Scaffold training. Parametric learning is difficult and untransparent, whereas scaffolds are intuitive and still amenable to improvements in the way the models use them. Agentic RL training of LLMs with a harness is a form of parametric learning that still utilizes a harness to achieve the desired memory functionality. Many believe in isolating the LLM’s “cognitive core” by stripping away all the encyclopedic memorized knowledge, and train this core to effectively use external harnesses to access knowledge when needed. These approaches have shown promising results, and it remains to be seen if CL with the aforementioned desirable properties can be achieved this way, without dealing with the difficulties of modifying a model’s weights.

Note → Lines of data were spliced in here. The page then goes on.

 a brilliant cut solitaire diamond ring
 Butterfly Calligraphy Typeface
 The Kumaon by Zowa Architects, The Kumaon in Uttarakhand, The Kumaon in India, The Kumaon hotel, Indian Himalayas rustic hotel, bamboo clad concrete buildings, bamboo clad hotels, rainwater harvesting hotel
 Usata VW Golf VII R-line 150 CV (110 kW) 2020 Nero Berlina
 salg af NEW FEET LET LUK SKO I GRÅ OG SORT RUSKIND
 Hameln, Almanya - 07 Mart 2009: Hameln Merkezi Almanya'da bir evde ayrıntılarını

Overwriting knowledge. Sequentially learning new knowledge will inevitably result in contradictory data being introduced, possibly due to a change in the state of the environment. How is this data integrated, and how adaptable do we want the model to be? If the syntax for a software library changes, we’d likely want the model to adapt quickly; if an article disputing the second law of thermodynamics is presented to the model, we want to prevent overwriting centuries of physics knowledge. Navigating this complexity is not unique to parametric methods, but it requires some thought on the meta-optimization layer (what are the right ways to continually learn?).

Data efficiency. Most parametric methods of incorporating knowledge are less sample-efficient than ICL — whereas merely inserting a SKILL file in context is enough to prepare an agent to use it, internalizing it into the weights would likely require bootstrapping a synthetic dataset based on the skill to augment the limited content available. The generation of useful synthetic datasets can therefore be considered to be a subset of the continual learning problem, unless/until more data-efficient methods for weight updates are introduced. This introduces questions about the quality, diversity and trustworthiness of the augmented data, and applicability to frontier models and difficult skills.